Residuals
The main idea...
Residuals (~ "leftovers") represent the variation that a given model, uni- or multivariate, cannot explain (Figure 1). In other words, residuals represent the difference between the predicted value of a response variable (derived from some model) and the observed value. Far from being uninteresting, examining the variation leftover after an analysis can reveal patterns and structures that may indicate whether the analysis method used was appropriate or whether the data is in need of transformation to suit the assumptions of a given analysis method (e.g. Figure 2). When using multivariate methods, a matrix of residual values is typically produced after fitting a model.
Residuals in diagnostics
Residuals can be analysed as a means of diagnosing a model fit, that is, examining whether a model has satisfactorily summarised the variation in a data set or suffers from some shortcoming. Some basic strategies to examine residuals include:
Plotting residual values against the corresponding fitted values of a model. If there's a structured relationship between the value of the residual and that of the fitted value, there may be a risk of heteroscedasticity or more complex relationships that invalidate many model assumptions. The magnitude of the residual value should be independent from that of the fitted value.

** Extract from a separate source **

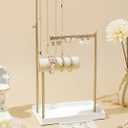 Jenseits Jewelry Organizer Stand with Ring Holder - 3-Tier Gold Jewelry Holder Tower with Velvet Tray, Necklace Holder, Bracelet & Earring Display Stand for Women, Gift for Her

Testing residual values for normality can validate whether the errors associated with a model are Guassian (an assumption of many linear methods). The Shapiro-Wilk test or the D'Agostino-Pearson test can be used here.
Testing residual values for correlation with (a matrix of) independent variables (including space and time) can reveal if there are structured relationships that have not been accounted for in the explanatory variables of a model.

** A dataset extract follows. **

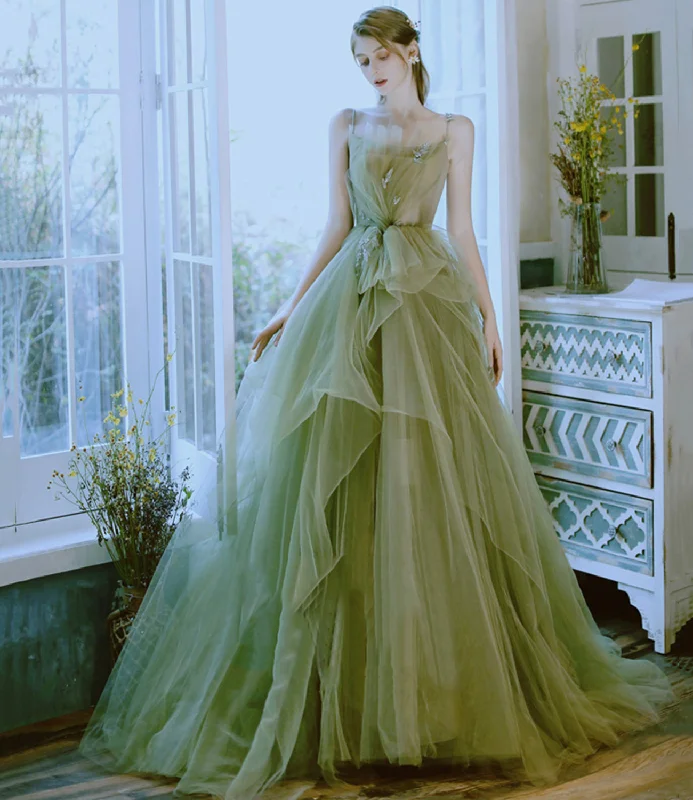 women's bridesmaid dressesGreen tulle long prom dress green evening dress  8599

Data points associated with large residuals, which may appear as outliers in the distribution, should be examined more closely.

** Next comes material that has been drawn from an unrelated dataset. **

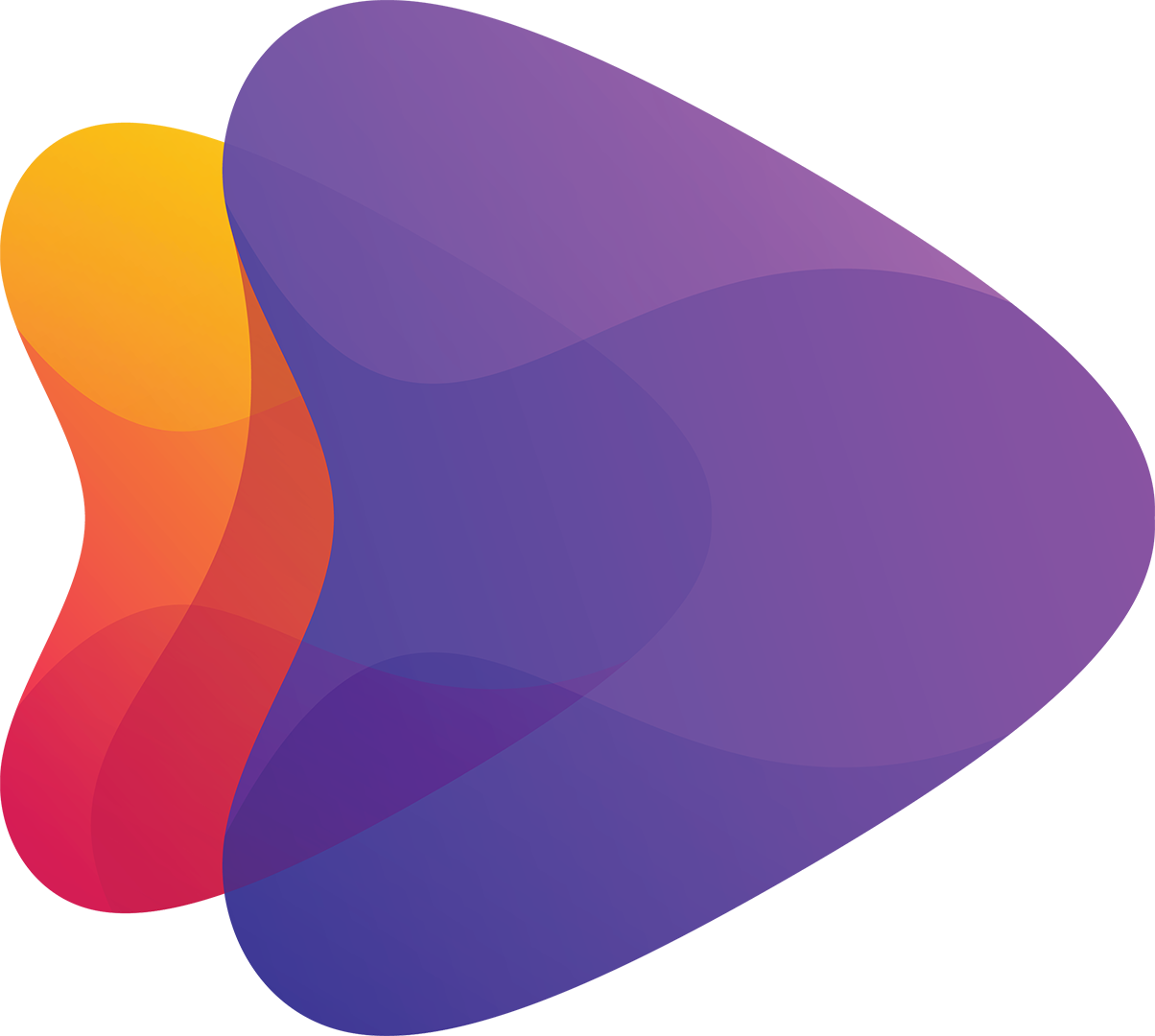 two stylized arrowheads, one orange, one purple, pointing right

As noted by Garcia-Berthou (2001) and Freckleton (2002) the analysis of residuals from multivariable data as a diagnostic tool is justified; however, using such residuals as a target of analysis (i.e. as 'data') when data sets have intercorrelated explanatory variables is generally not valid and will generate parameter estimates biased by the degree of intercorrelation. This also holds true when attempting to "control for" the effects of potentially confounding variables using residual analysis. See Koper et al. (2007) for an illustration of how residuals may lead to biased conclusions in ecological research. Standard multiple linear regression approaches do not produce biased estimates and take the effects of correlated explanatory variables into account simultaneously. However, multicollinearity will still be an issue when using MLR approaches, and while estimates may be unbiased, their associated variance will increase with increasing correlation between explanatory variables. See the endpoint for variation partitioning for descriptions of partial and semi-partial correlation approaches that can address shared variance between explanatory variables.
Warnings
Analysis software may deliver residuals as "raw" values or be standardised, scaled, or otherwise transformed. Other types of residuals, such as "leave-one-out" residuals, are also present. Be aware of what kind of values are delivered by your software and any potential consequences and assumptions associated with them.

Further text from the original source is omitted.